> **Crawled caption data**

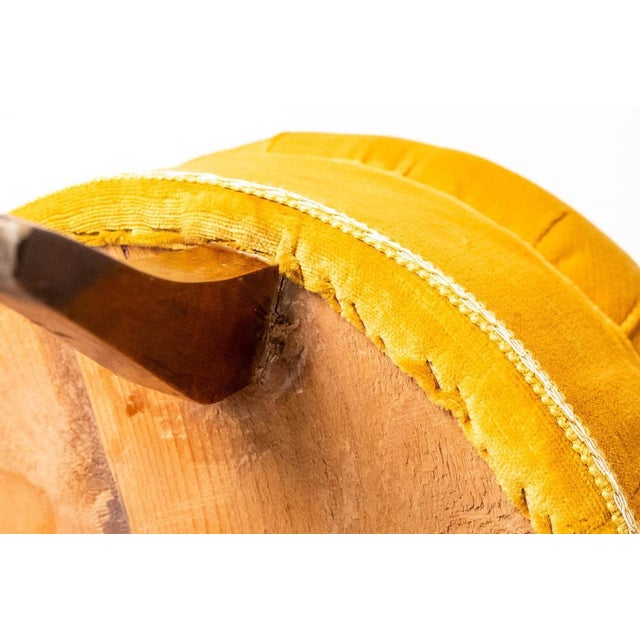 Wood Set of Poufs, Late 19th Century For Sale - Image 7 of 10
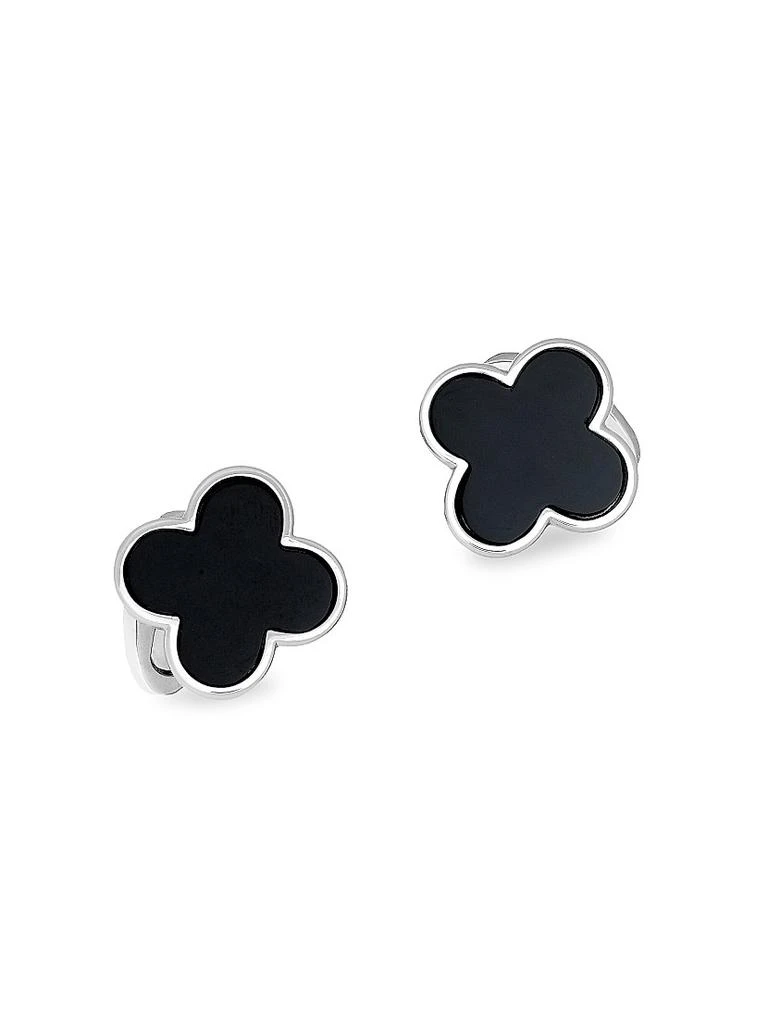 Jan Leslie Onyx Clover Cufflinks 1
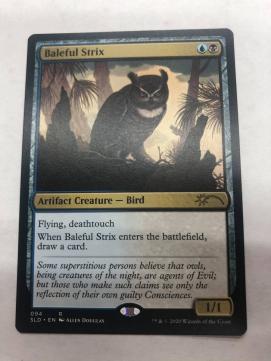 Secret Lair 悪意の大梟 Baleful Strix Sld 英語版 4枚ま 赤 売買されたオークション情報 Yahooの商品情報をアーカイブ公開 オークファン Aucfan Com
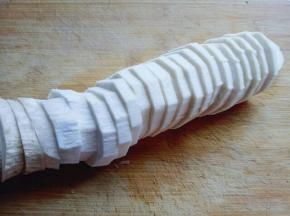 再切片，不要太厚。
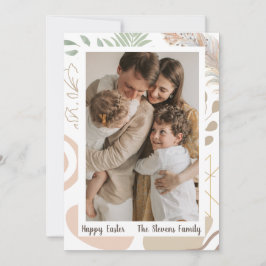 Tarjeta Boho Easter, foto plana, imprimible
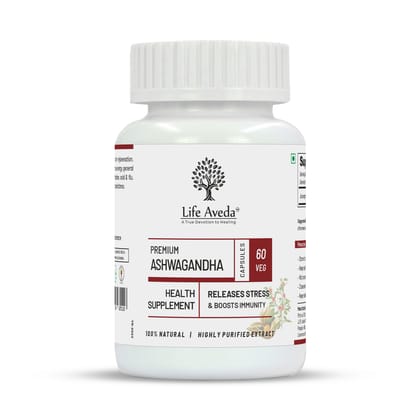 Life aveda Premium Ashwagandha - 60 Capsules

> **Assignment**
Leave the pictures out. Transcribe exactly the lines from the one with "Tarjeta Boho Easter, foto plana, imprimible" through the end of the records.

> **Solution to the problem**
 Tarjeta Boho Easter, foto plana, imprimible
 Life aveda Premium Ashwagandha - 60 Capsules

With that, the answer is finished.